Configuration Lattices for Planar Contact Manipulation Under Uncertainty
It addresses the challenge of reliable contact manipulation for robots in uncertain, cluttered environments, representing an incremental improvement with novel computational efficiency methods.
This work tackles the problem of a robot using real-time contact sensor feedback to manipulate objects on a cluttered tabletop under uncertainty, formulating it as a POMDP and applying DESPOT with lazy lattice construction and combined online-offline planning, resulting in significant outperformance over existing algorithms in simulation.

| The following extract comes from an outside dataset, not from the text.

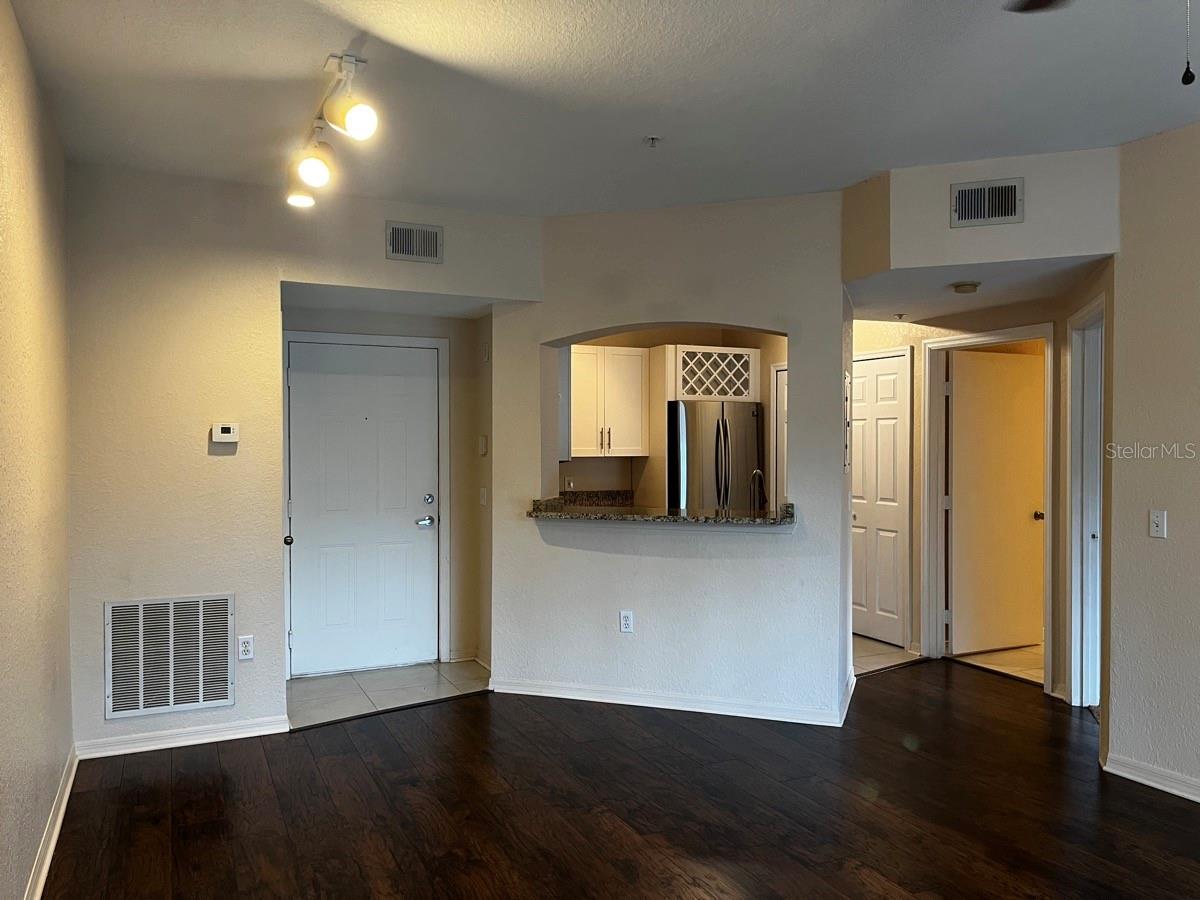 Image 7 of 36 For 14905 Arbor Springs Circle 204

This work addresses the challenge of a robot using real-time feedback from contact sensors to reliably manipulate a movable object on a cluttered tabletop. We formulate contact manipulation as a partially observable Markov decision process (POMDP) in the joint space of robot configurations and object poses. The POMDP formulation enables the robot to actively gather information and reduce the uncertainty on the object pose. Further, it incorporates all major constraints for robot manipulation: kinematic reachability, self-collision, and collision with obstacles. To solve the POMDP, we apply DESPOT, a state-of-the-art online POMDP algorithm. Our approach leverages two key ideas for computational efficiency. First, it performs lazy construction of a configuration-space lattice by interleaving construction of the lattice and online POMDP planning. Second, it combines online and offline POMDP planning by solving relaxed POMDP offline and using the solution to guide the online search algorithm. We evaluated the proposed approach on a seven degree-of-freedom robot arm in simulation environments. It significantly outperforms several existing algorithms, including some commonly used heuristics for contact manipulation under uncertainty.